• Data to process:
Start of Block

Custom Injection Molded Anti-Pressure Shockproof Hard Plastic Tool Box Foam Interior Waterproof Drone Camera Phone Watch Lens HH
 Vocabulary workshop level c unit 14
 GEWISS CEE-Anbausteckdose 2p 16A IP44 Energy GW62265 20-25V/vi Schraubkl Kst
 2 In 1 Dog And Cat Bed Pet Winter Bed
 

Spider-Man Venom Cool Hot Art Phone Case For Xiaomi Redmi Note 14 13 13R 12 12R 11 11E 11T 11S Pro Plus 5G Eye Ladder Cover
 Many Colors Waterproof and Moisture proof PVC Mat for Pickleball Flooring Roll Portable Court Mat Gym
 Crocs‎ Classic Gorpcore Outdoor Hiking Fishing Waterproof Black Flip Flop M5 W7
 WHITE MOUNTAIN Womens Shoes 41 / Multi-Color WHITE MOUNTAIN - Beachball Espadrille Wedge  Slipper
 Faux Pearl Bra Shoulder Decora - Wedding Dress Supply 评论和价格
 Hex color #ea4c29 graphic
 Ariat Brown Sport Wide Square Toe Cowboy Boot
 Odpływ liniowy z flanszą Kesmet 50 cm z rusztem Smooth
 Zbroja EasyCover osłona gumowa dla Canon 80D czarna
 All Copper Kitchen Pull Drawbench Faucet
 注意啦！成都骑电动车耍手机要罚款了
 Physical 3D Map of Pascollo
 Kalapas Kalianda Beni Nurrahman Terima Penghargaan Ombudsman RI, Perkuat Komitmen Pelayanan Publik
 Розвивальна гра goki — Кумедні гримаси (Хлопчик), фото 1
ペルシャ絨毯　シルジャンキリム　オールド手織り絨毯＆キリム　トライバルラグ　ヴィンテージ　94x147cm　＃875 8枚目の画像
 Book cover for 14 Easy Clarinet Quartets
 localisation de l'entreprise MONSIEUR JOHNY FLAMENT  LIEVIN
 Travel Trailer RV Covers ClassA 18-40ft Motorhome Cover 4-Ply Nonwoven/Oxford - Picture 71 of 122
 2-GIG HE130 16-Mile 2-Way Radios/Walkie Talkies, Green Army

End of Block

• Task details:
Line by line, reproduce the material exactly.

• Task output:
Custom Injection Molded Anti-Pressure Shockproof Hard Plastic Tool Box Foam Interior Waterproof Drone Camera Phone Watch Lens HH
 Vocabulary workshop level c unit 14
 GEWISS CEE-Anbausteckdose 2p 16A IP44 Energy GW62265 20-25V/vi Schraubkl Kst
 2 In 1 Dog And Cat Bed Pet Winter Bed
 

Spider-Man Venom Cool Hot Art Phone Case For Xiaomi Redmi Note 14 13 13R 12 12R 11 11E 11T 11S Pro Plus 5G Eye Ladder Cover
 Many Colors Waterproof and Moisture proof PVC Mat for Pickleball Flooring Roll Portable Court Mat Gym
 Crocs‎ Classic Gorpcore Outdoor Hiking Fishing Waterproof Black Flip Flop M5 W7
 WHITE MOUNTAIN Womens Shoes 41 / Multi-Color WHITE MOUNTAIN - Beachball Espadrille Wedge  Slipper
 Faux Pearl Bra Shoulder Decora - Wedding Dress Supply 评论和价格
 Hex color #ea4c29 graphic
 Ariat Brown Sport Wide Square Toe Cowboy Boot
 Odpływ liniowy z flanszą Kesmet 50 cm z rusztem Smooth
 Zbroja EasyCover osłona gumowa dla Canon 80D czarna
 All Copper Kitchen Pull Drawbench Faucet
 注意啦！成都骑电动车耍手机要罚款了
 Physical 3D Map of Pascollo
 Kalapas Kalianda Beni Nurrahman Terima Penghargaan Ombudsman RI, Perkuat Komitmen Pelayanan Publik
 Розвивальна гра goki — Кумедні гримаси (Хлопчик), фото 1
ペルシャ絨毯　シルジャンキリム　オールド手織り絨毯＆キリム　トライバルラグ　ヴィンテージ　94x147cm　＃875 8枚目の画像
 Book cover for 14 Easy Clarinet Quartets
 localisation de l'entreprise MONSIEUR JOHNY FLAMENT  LIEVIN
 Travel Trailer RV Covers ClassA 18-40ft Motorhome Cover 4-Ply Nonwoven/Oxford - Picture 71 of 122
 2-GIG HE130 16-Mile 2-Way Radios/Walkie Talkies, Green Army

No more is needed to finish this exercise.